LIVINGSTON, Mont. (AP) — A proposal to develop a copper mine near a Smith River tributary has split public opinion between those who say it would be an economic boon and those who don't want to risk harming one of Montana's most popular recreational waterways.
Each side was evenly represented Monday night in Livingston during a public hearing on the Black Butte Copper Project about 15 miles (24 kilometers) north of White Sulphur Springs, the Bozeman Daily Chronicle report ed.
The mine would be located near Sheep Creek, a tributary of the Smith River. Montana Department of Environmental Quality officials concluded last month in a draft environmental analysis that the mine would cause the river no harm.
The Smith River is a blue-ribbon trout fishery that passes through steep limestone canyons as it flows to the Missouri River.
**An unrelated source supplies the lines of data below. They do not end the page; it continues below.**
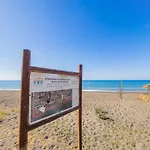 Nuevo Con Piscina Y Parking En La Playa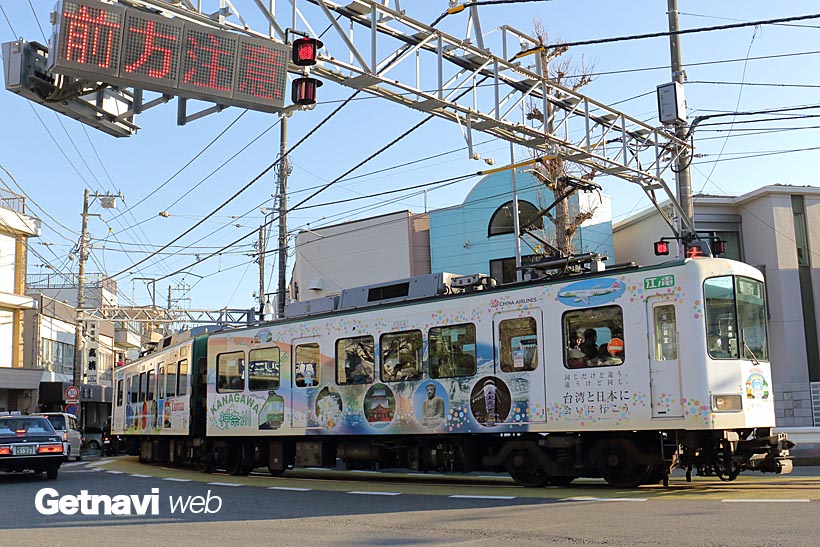 ↑龍口寺前の半径28メートルの急カーブを曲がる。連接車ならではの構造が活きるカーブだ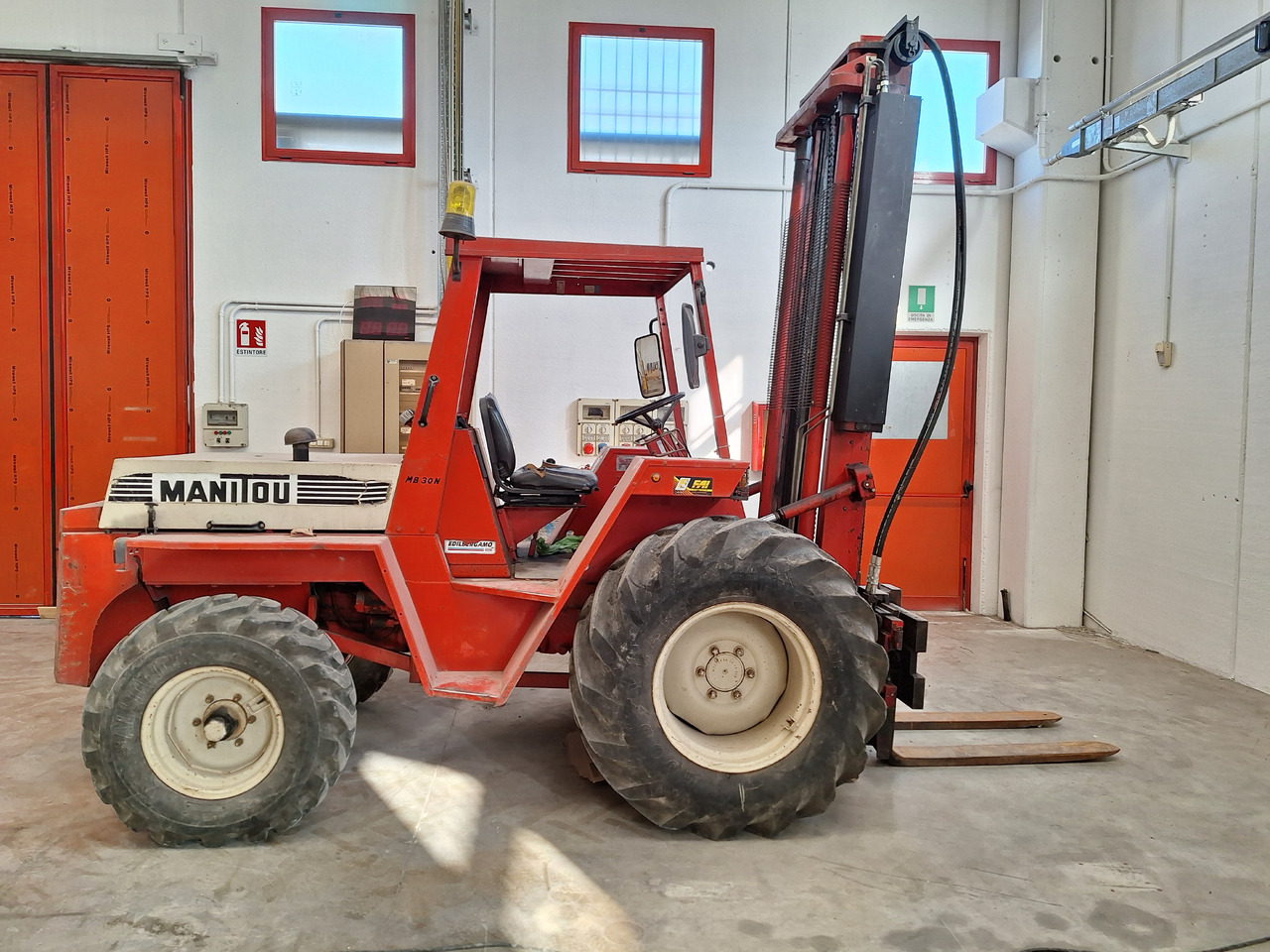 Manitou 30 NB - Geländestapler: das Bild 1 Manitou 30 NB - Geländestapler: das Bild 1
It is so popular with boaters that it is the only river in Montana where a permit is required for a three- or four-day float.
Despite the DEQ's analysis, opponents of the mine said at the hearing the risk to the river is not worth it.
"Is DEQ really ready to make a guinea pig out of one of Montana's most prized watersheds?" said David Brooks, executive director of Montana Trout Unlimited.
Supporters said the project would create jobs, help Meagher County's tax base and keep people in White Sulphur Springs. They thought the company behind the project, Sandfire Resources-owned Tintina Montana, could mine safely and protect the environment.
"I don't think there's any possible way that the safety and quality of the Smith River or Sheep Creek will ever be jeopardized," said Rick Ellison, who grew up near the Smith River.
The hearing was the second of three scheduled to discuss the DEQ's findings. The public comment period ends May 10, after which the agency will issue a final environmental analysis before deciding whether to issue the project permits for mining, water discharge and air quality.